= Beginning of Section =

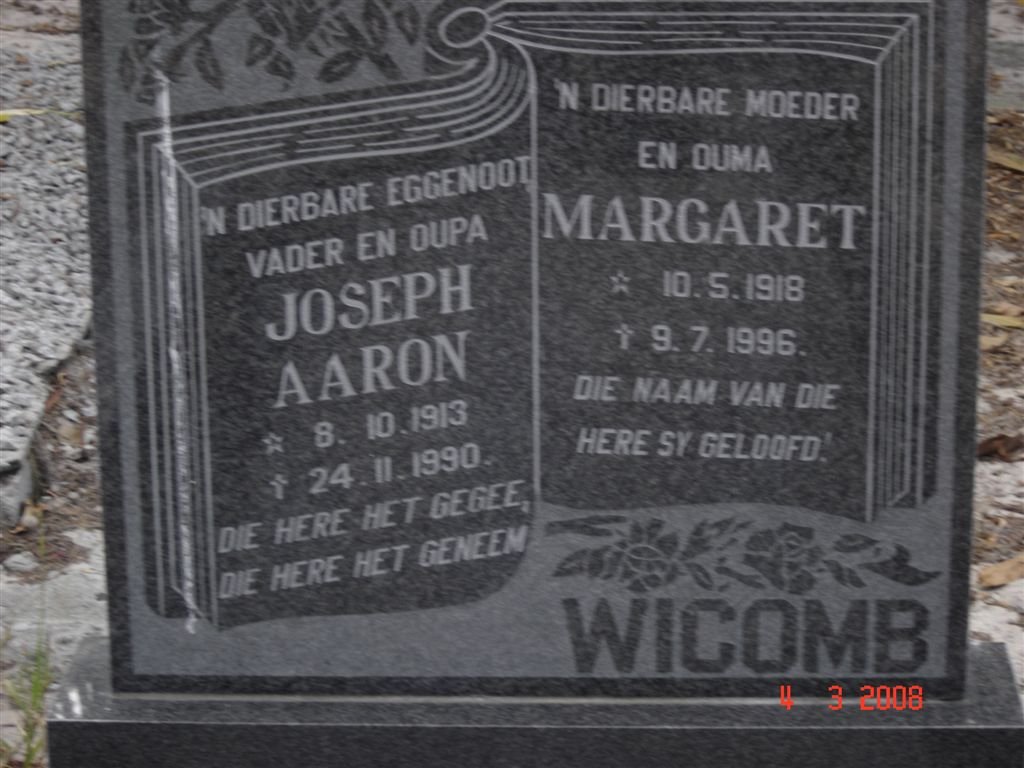 WICOMB Joseph Aaron 1913-1990 &amp; Margaret 1918-1996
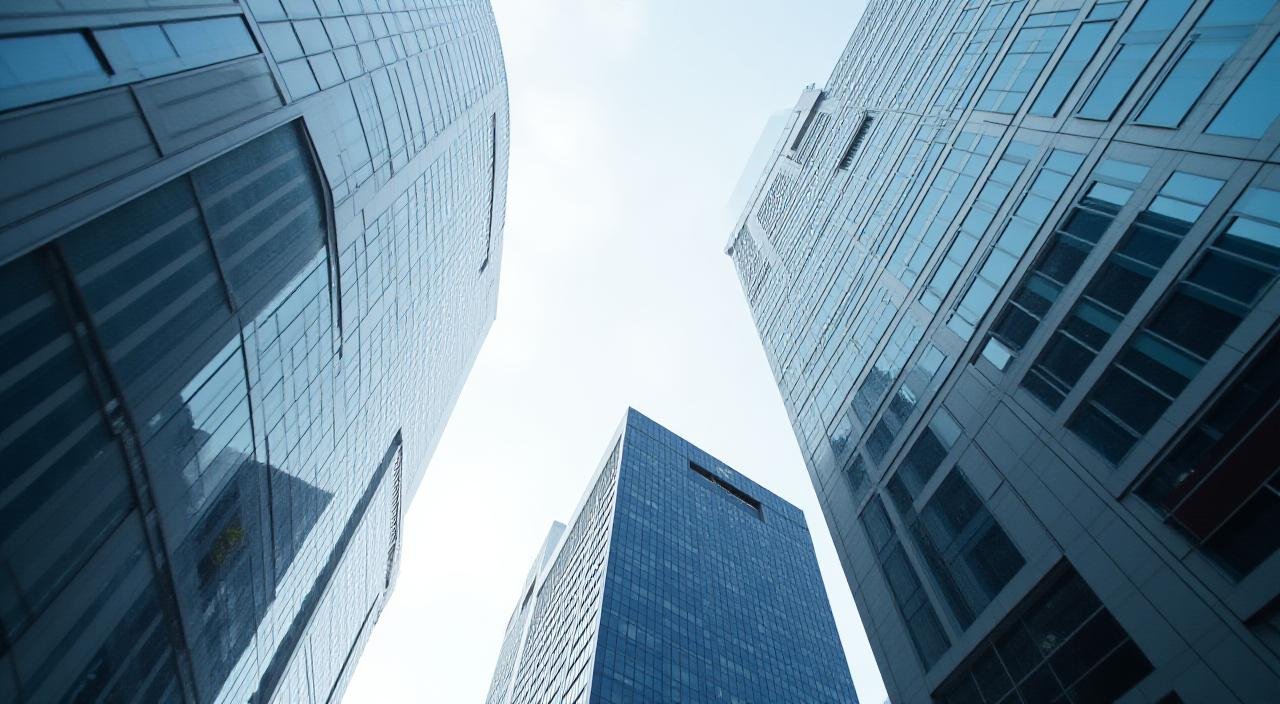 Modern business district in India showing high-rise buildings and growth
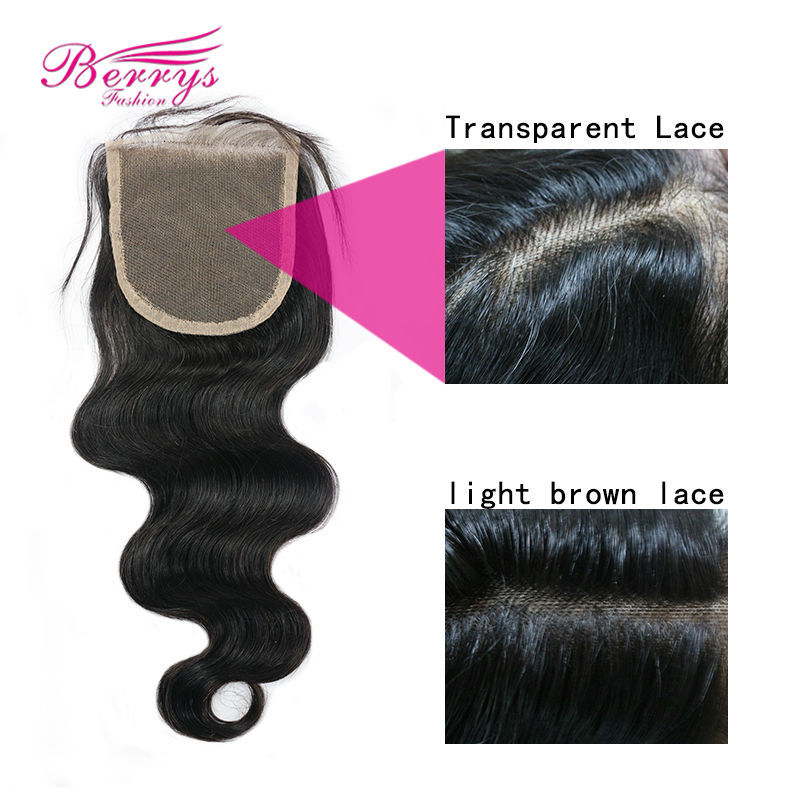 Berrysfashion Virgin Hair Body Wave Top Transparent Lace Closure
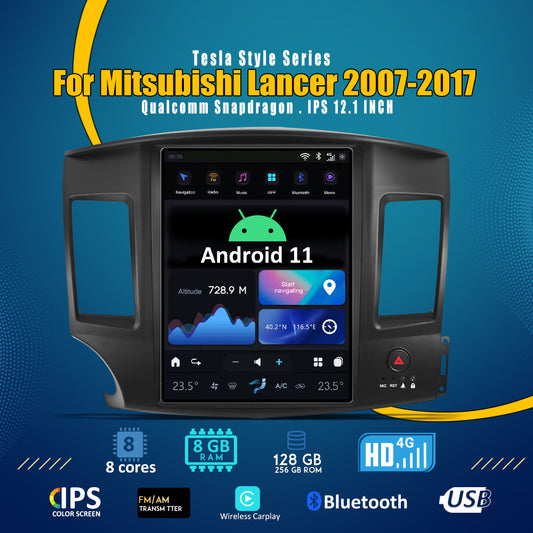 Tesla Android 11 12.1 ″ autoradio GPS Navigation pour Mitsubishi Lancer 2007-2017 voiture multimédia lecteur stéréo voiture vidéo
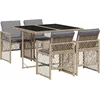 Image de vidaXL - 5-delige - Tuinset - met - kussens - poly - rattan - beige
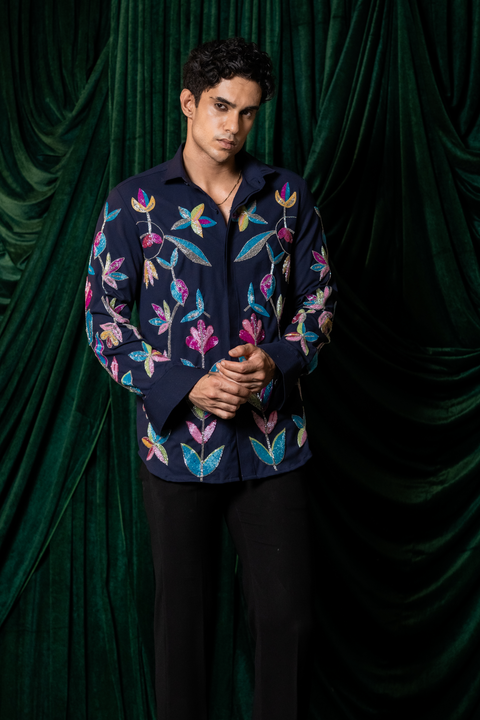 Nightbloom — Midnight Blue Hand Embroidered 4-Way Stretch Shirt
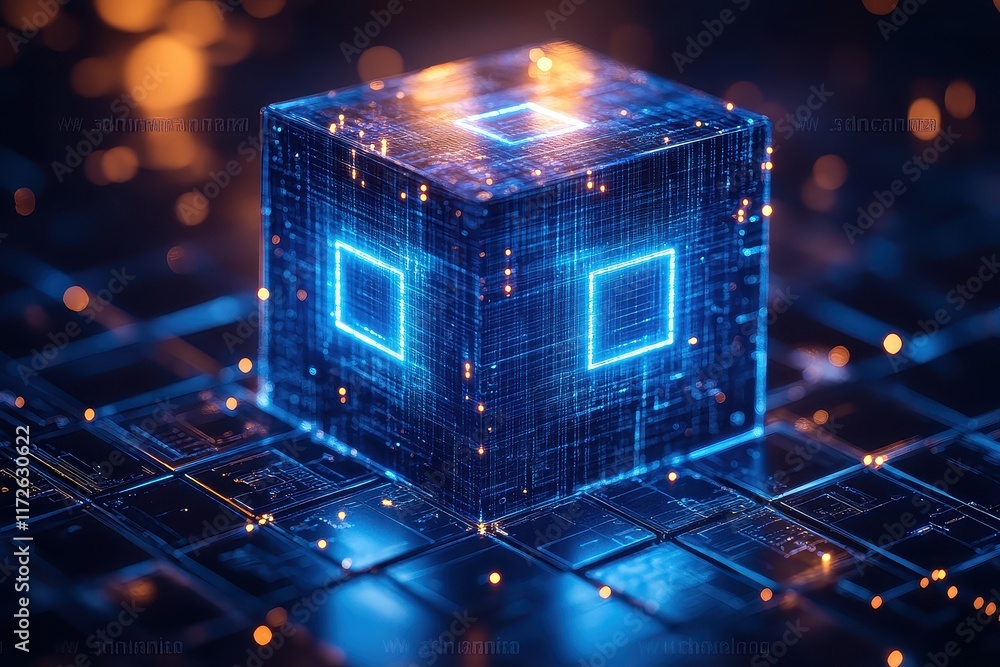 Poster glowing digital cube illuminates a circuit board with intricate patterns and vibrant colors at night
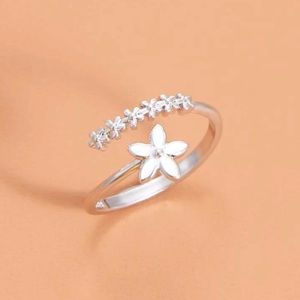 Silver Flower Cuff Ring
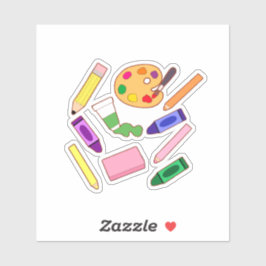 Kleurrijke kunstbenodigdheden sticker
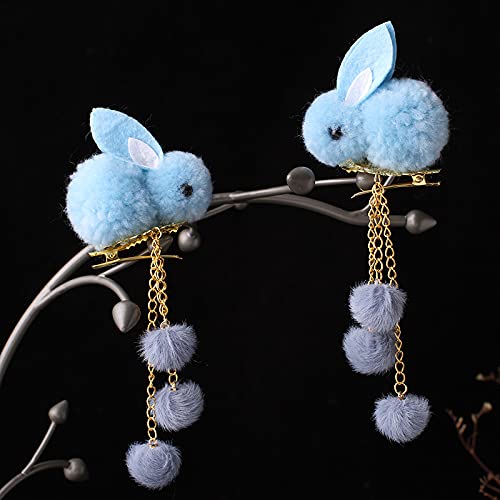 ꫛꫀꪝ【髪飾り付きうさぎ細工】ベビーヘアクリップ　キッズヘアクリップ　ヘアピン ꫛꫀꪝ【髪飾り付きうさぎ細工】ベビーヘアクリップ キッズヘア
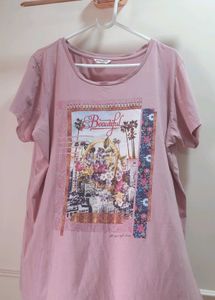 Pink Graphic T-Shirt For Gym/walking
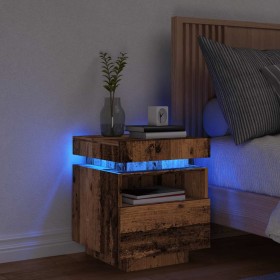 Mesita de noche con luces LED madera envejecida 40x39x48,5 cm by , Nightstands - Ref: Foro24-857658, Price: 72,99 €, Discount: %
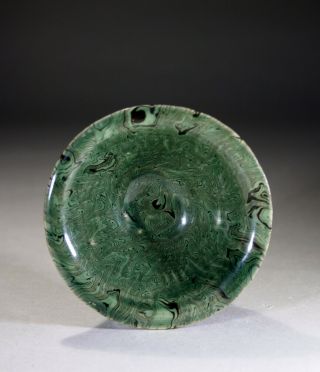 Antique Chinese Green Marbled Glazed Bowl Ming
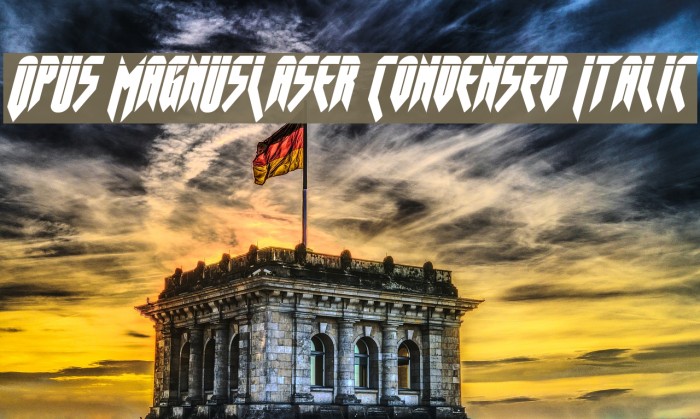 Opus MagnusLaser Condensed Italic Example 1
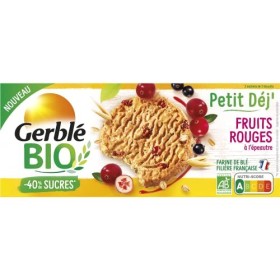Gerblé BIO Biscuit Petit Déjeuner Fruits Rouges - Réduit en sucres - Riches en Fibres -1 boîte 132g 3 sachets de 3 biscuits 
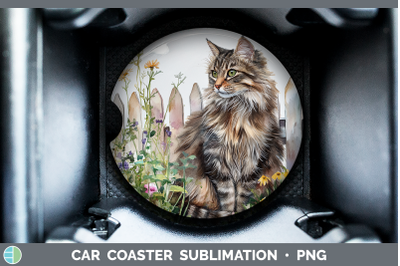 Norwegian Forest Car Coaster Fence Cats Sublimation Drink Ma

= End of Section =

§ **Exercise description**: Print the line above containing "Image de vidaXL", the line containing "Mesita de noche", and everything between them, exactly as written. Pictures stay out.

§ **Result of the task**:
 Image de vidaXL - 5-delige - Tuinset - met - kussens - poly - rattan - beige
 Nightbloom — Midnight Blue Hand Embroidered 4-Way Stretch Shirt
 Poster glowing digital cube illuminates a circuit board with intricate patterns and vibrant colors at night
 Silver Flower Cuff Ring
 Kleurrijke kunstbenodigdheden sticker
 ꫛꫀꪝ【髪飾り付きうさぎ細工】ベビーヘアクリップ　キッズヘアクリップ　ヘアピン ꫛꫀꪝ【髪飾り付きうさぎ細工】ベビーヘアクリップ キッズヘア
 Pink Graphic T-Shirt For Gym/walking
 Mesita de noche con luces LED madera envejecida 40x39x48,5 cm by , Nightstands - Ref: Foro24-857658, Price: 72,99 €, Discount: %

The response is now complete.